Don't you have Toni and Guy up there?


----------



## electrogirl (Jul 21, 2008)

Minnie_the_Minx said:


> Don't you have Toni and Guy up there?



yeah, they're not cheap though


----------



## boskysquelch (Jul 21, 2008)

electrogirl said:


> yeah, they're not cheap though



shouldn't firky be paying for it?


----------



## electrogirl (Jul 21, 2008)

boskysquelch said:


> shouldn't firky be paying for it?




i'm independent. destiny's child style.


----------



## boskysquelch (Jul 21, 2008)

electrogirl said:


> i'm independent. destiny's child style.



in that case... get it done properly you muppet...you _*need*_ to get it done PROPERLY...not by some trainee hacker n thwakka.

maybies PM Fizzeroid and ask her where she gets her's doned...her barnet always looks tidy.


----------



## electrogirl (Jul 21, 2008)

boskysquelch said:


> in that case... get it done properly you muppet...you _*need*_ to get it done PROPERLY...not by some trainee hacker n thwakka.
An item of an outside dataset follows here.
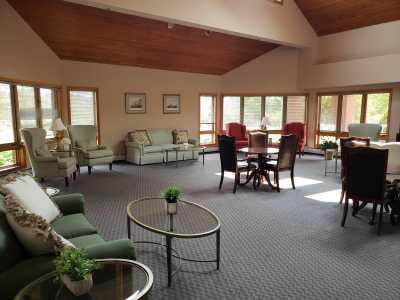 A spacious living room with sofas, chairs, and coffee tables, featuring large windows that let in natural light.
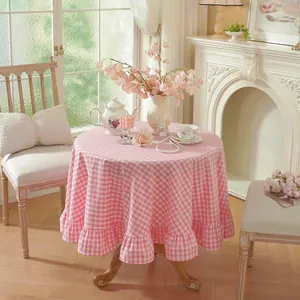 Detail of pink gingham tablecloth with ruffle edges for romantic dining decor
ok i lied then. i do need firky to pay.

FIRKY DARLING!


----------



## Geri (Jul 21, 2008)

You can get it done free if you buy Herbal Essences and send off the till receipt with a stamped addressed envelope:

http://www.tlc-offers.com/6022herbalessences/

They send you a voucher which you take to the salon - I had mine done at Bauhaus in Bedminster, opposite Asda.

Alternatively Cuts & Curls in Lodge Causeway is the cheapest hairdresser I've found in Bristol - about a tenner for a cut (no blow dry).


----------



## boskysquelch (Jul 21, 2008)

Geri said:


> You can get it done free if you buy Herbal Essences and send off the till receipt with a stamped addressed envelope



and even get thru to the Ben Cooke competition too...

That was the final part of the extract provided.